Gazeteci ve aktivist Diyari Feredun da örgütlerin çalışmalarına değinerek, örgüt sayısının çok olduğunu ancak fiilen çalışan sayısının az olduğunu, bunun sebebinin ekonomik olarak açıkladıklarını dile getirdi. Özellikle bazı kadın örgütlerinin siyasi ve otoriter figürler tarafından engellendiğini de sözlerin ekleyen Diyari Feredun şunları kaydetti: “Birçok kadın örgütü,  siyasi partilerin etkisi altında çalışıyorlar. Şüphesiz ki çıkarlarını düşünüyorlar. Çok sayıda kadın örgütü olmasına rağmen ilk dönem kadınları kadar aktif olamıyorlar ve devrimin lideri olamıyorlar. Buna bağlı olarak mevcut toplumda kadınların sorunları çözülememektedir. Kadına yönelik şiddetle ilgili veriler yüksek düzeyde, buna rağmen kadın örgütleri sessiz kalıyor ve soruşturma yapmıyor. Bir dosya olduğu zaman örgütler bu dosyadan korkmamalı, çünkü Kürdistan Bölgesi’nde yasa hiçbir otorite için değildir; bazı örgütler ve partisi olmayanlar işin aslını ortaya çıkarmaya çalıştıklarında kanun engel oluyor. Birkaç hafta önce Süleymaniye mahkemesinde yaşanan ve kanunun kadın haklarını arka planda tuttuğu olay gibi, kadın aleyhine kanunun engellenmesine örgüt sahipleri sessiz kalıyor, örgütlerdeki kadın aktivistlerin tepkilerini dile getirmeleri gerekirdi.”

“Erkek egemen yönetim kadınların aktif olmasını istemez”

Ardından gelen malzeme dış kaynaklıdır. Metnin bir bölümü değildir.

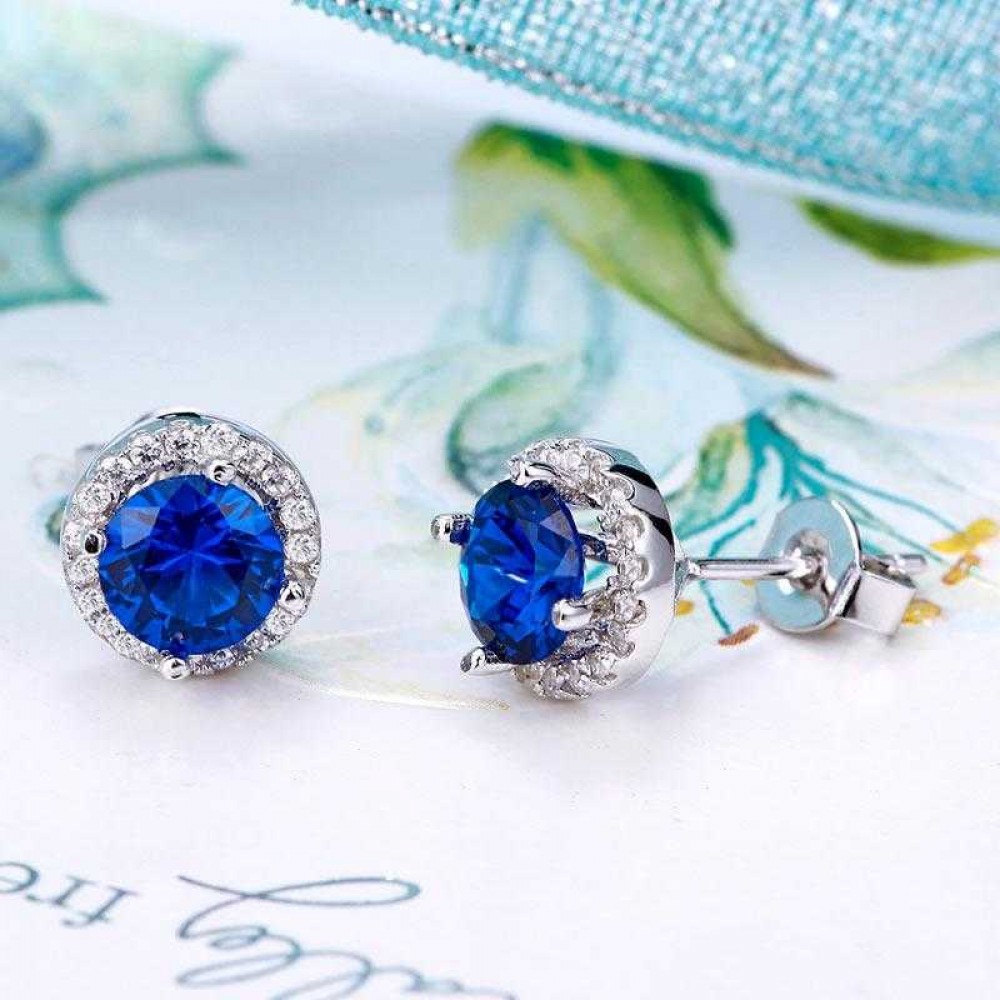 Navy Blue Created Sapphire Stud Earrings 925 Sterling Silver Jewelry XFE8109 Navy Blue Created Sapphire Stud Earrings 925 Sterling Silver Jewelry XFE8109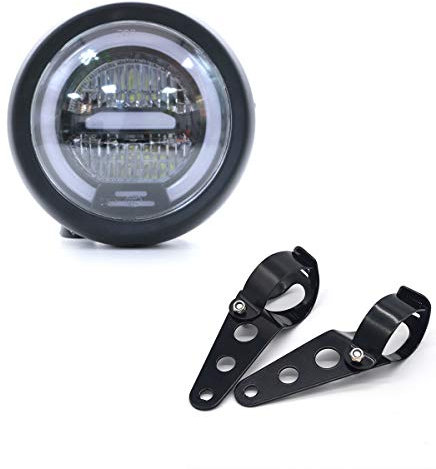 evomosa Faro LED per Moto, Distanza Faro Universale 6.5 pollici con Supporto per Moto Cafe Racer - Luce Gialla (Luce bianca)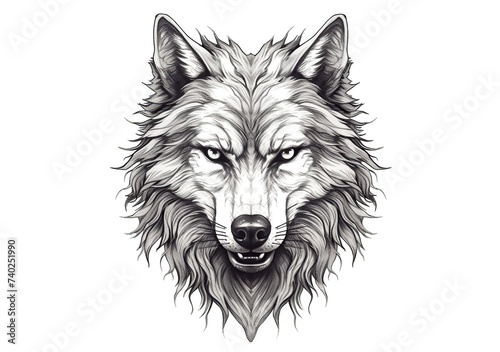 wolf head black and gray illustration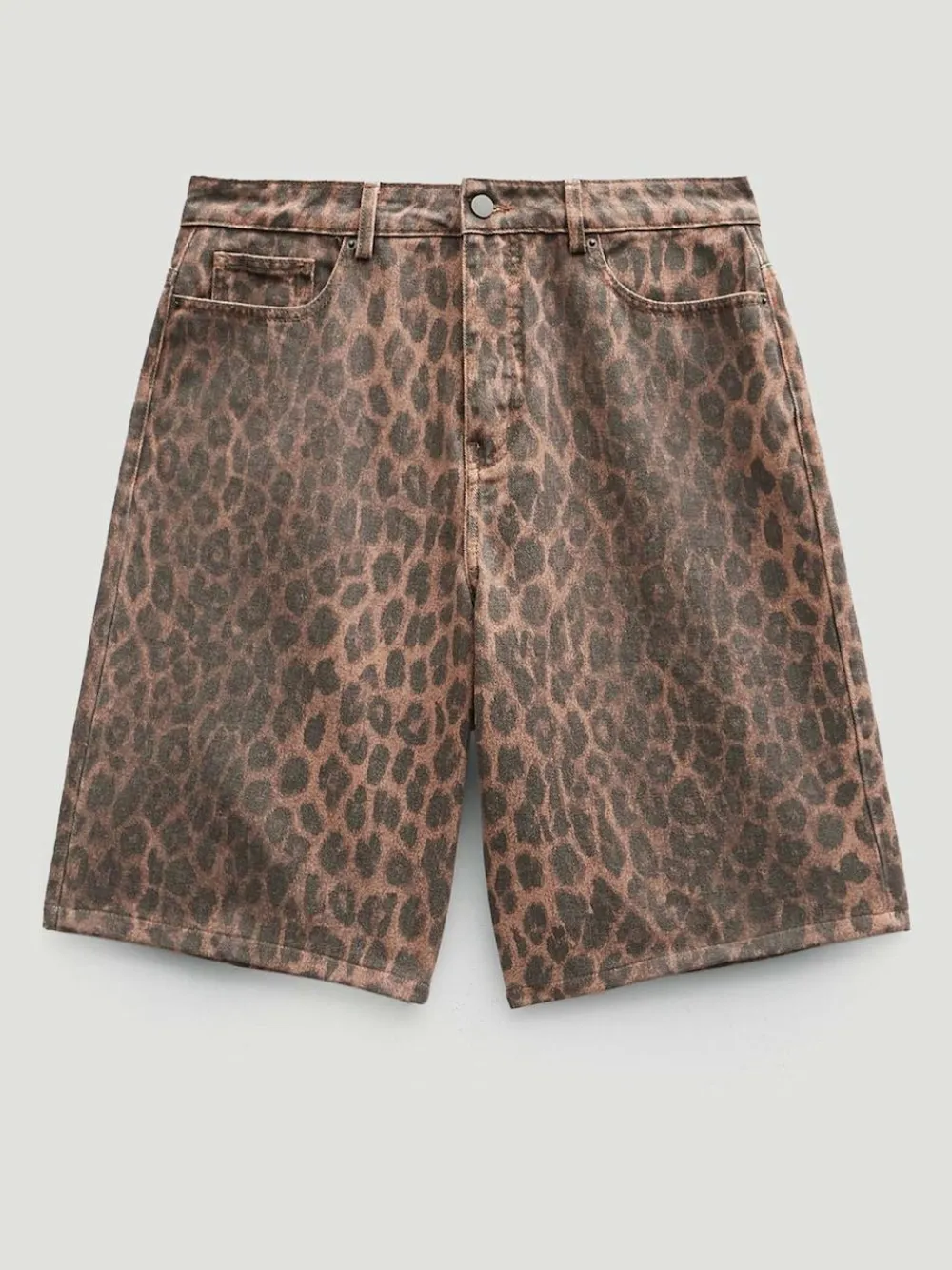 Sale Hush Animal Leopard Print Denim Bermuda Shorts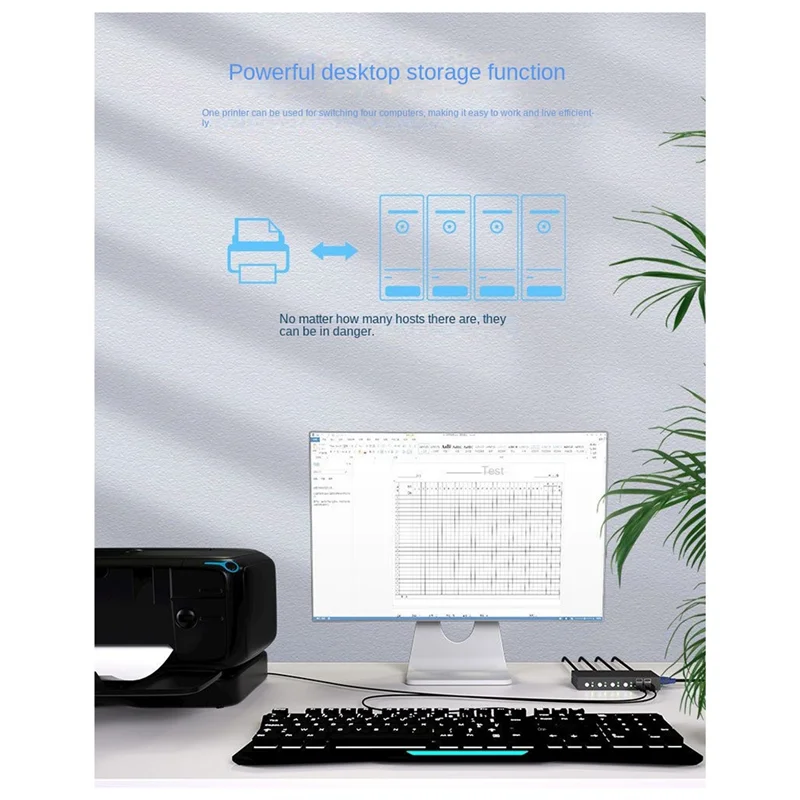 

VGA KVM Switch 4 Ports VGA Video Switcher Split Screen HD Display Enhancer Splitter Adapter For PC Monitor Projector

Kürt toplumunun erkek düşüncesiyle yönetildiğini ve aktif örgütlerin engellemelerle karşı karşıya kaldığını belirten Diyari Feredun, bununla bağlantılı olarak görevlerinin de engellediğini dile getirdi ve sözlerini şöyle sonlandırdı: “Kadın ve kadın örgütleri çalışsalar da kanun onlara destek vermediğinde çalışmalarına devam edemezler ve sesleri kısılır. Örgütler toplumun sözünü dinlemeli ve çalışmalarını cesurca yapmalı, kadın sorunlarına yönelik kapsamlı araştırmalar yapmalıdır.”